Critics say Senate Bill 261 will relieve pressure on Duke Energy to move rapidly away from generating electricity from fossil fuels as is done in this Indiana coal-fired facility. (Photo: Robert Zullo for States Newsroom)

A North Carolina Senate committee advanced a bill Tuesday morning that would remove a state mandate on Duke Energy to meet carbon reduction goals by 2030.

Senate Bill 261 — the “Energy Security and Affordability Act” — is co-sponsored by more than a dozen Republican lawmakers, including Senate President Pro Tem Phil Berger (R-Rockingham) and Senate Majority Leader Paul Newton (R-Cabarrus).

Sen. Paul Newton
Sen. Paul Newton (R-Cabarrus) (Photo: NCGA)

The bill was approved on a voice vote by the Senate Agriculture, Energy, and Environment Committee, despite pleas from Democratic lawmakers that the measure be delayed until it could receive a more thorough vetting — it was only introduced Monday afternoon — and opposition from environmental advocates and concerned citizens. The bill now goes to the Senate Rules Committee.

Newton, a retired Duke Energy executive, presented the bill.

Current state law, following a law enacted with bipartisan support in 2021, provides two deadlines for Duke Energy to reduce carbon dioxide emissions — the utility company must cut emissions by 70% of 2005 levels by 2030 and reach carbon neutrality by 2050.

Newton’s bill would remove the first deadline while still requiring carbon neutrality by 2050. He called the date an “arbitrary” goal.

“It just simply opens up other possibilities for the commission to choose from, and it will lower cost and more reliability for North Carolinians,” Newton said.

Duke Energy revealed late last year in the latest iteration of its carbon plan that it could not meet the 2030 deadline due to “unprecedented” growth leading to increased energy demands, according to WUNC.

The North Carolina Utilities Commission waived the deadline in November 2024 and requested Duke Energy take “all reasonable steps” to meet the 70% reduction by the earliest possible date.

With SB 261, Duke Energy would no longer need to meet the 70% reduction by any specified date.

Dan Crawford
North Carolina League of Conservation Voters Director of Governmental Relations Dan Crawford (Photo: nclcv.org)

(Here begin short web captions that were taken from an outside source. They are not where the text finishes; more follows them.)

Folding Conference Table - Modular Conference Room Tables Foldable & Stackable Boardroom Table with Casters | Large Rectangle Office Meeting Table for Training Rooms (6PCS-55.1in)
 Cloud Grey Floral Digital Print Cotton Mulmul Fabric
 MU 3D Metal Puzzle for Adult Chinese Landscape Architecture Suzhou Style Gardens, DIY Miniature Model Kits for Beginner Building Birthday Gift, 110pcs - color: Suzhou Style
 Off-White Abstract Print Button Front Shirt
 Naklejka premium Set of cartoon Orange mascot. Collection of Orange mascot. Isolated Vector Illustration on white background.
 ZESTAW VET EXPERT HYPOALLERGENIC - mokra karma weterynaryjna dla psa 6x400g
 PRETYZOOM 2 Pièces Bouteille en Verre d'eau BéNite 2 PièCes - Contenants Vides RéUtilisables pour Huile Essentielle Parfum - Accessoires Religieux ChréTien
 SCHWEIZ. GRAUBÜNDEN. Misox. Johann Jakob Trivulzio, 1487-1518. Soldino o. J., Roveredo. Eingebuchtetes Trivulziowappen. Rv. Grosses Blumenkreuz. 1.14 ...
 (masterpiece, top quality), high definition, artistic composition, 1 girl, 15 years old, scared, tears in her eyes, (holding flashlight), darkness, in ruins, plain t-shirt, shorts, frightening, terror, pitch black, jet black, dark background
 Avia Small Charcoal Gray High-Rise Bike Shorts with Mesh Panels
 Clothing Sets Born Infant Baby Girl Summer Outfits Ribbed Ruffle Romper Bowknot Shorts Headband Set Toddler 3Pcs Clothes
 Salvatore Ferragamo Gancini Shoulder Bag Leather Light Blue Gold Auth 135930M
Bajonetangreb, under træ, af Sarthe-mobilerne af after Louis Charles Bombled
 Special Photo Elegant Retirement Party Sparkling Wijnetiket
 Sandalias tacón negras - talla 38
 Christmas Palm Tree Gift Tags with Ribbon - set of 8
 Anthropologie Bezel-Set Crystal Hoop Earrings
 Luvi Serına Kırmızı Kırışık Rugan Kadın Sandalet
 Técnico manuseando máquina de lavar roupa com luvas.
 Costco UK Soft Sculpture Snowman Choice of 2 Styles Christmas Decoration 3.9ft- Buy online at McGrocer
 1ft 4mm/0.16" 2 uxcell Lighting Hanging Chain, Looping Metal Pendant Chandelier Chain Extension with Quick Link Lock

Environmental advocates condemned the legislation as a giveaway to Duke. In a statement, Dan Crawford, Director of Governmental Relations for the North Carolina League of Conservation Voters said the measure “rolls back cheaper, more reliable clean energy goals in favor of dirty coal and fossil gas, while allowing Duke to line its pockets on the backs of ratepayers.

“North Carolinians want to make the transition to cheap, clean, reliable energy, and this bill takes us in the opposite direction, while simultaneously enriching Duke Energy’s investors. Yesterday [the day the bill was introduced] was a dark day for North Carolina voters and ratepayers,” Crawford said.

Sen. DeAndrea Salvador (D-Mecklenburg) proposed pushing back the committee’s vote on the bill to revise its language.

Sen. DeAndrea Salvador
Sen. DeAndrea Salvador (D-Mecklenburg) (Photo: NCGA)

“One thing in which you keep referencing the point at which that this will only be for interest. However, if you read the bill language, it does not appear that way,” she said. “Would you be willing to accept an amendment to specify that the [construction work in progress] process would be only for interest related costs?”

Committee co-chair Sen. Norm Sanderson, a Republican who represents several eastern counties, declined to delay the vote.

Newton also argued the bill would have positive financial impacts, saying it could bring more business to the state.

“We work so hard to attract job creators to North Carolina,” he said. “The last thing we want to do in our energy policy is overcome all the good tax reductions, all the good regulatory improvements we’ve made, and they look at us and say, ‘you’re too expensive, I can’t put my manufacturing plant there.’”

Yarn manufacturer Parkdale Mills closed its Sanford location in September 2024, citing a rapid increase in energy costs, according to Business North Carolina. The shutdown led to 74 job cuts.

During the meeting, some lawmakers suggested the 2021 law was responsible for a spike in Duke Energy costs for customers. A study by the North Carolina Sustainable Energy Association in July 2024 cited the global rise in natural gas prices for this increase.

After senators asked questions, witnesses had the opportunity to testify.

Mark Swallow, a North Carolina resident, shared his dismay with the proposal.

“Duke Energy has been stonewalling meeting the requirements of 2030 since the original version of this bill and the Honorable Phil Berger is gonna let them off the hook,” he said. “This bill lets them off the hook from doing the work to meet the goals that they knew were coming and they’ve been ignoring. They need to be forced to do the hard work, the right work.”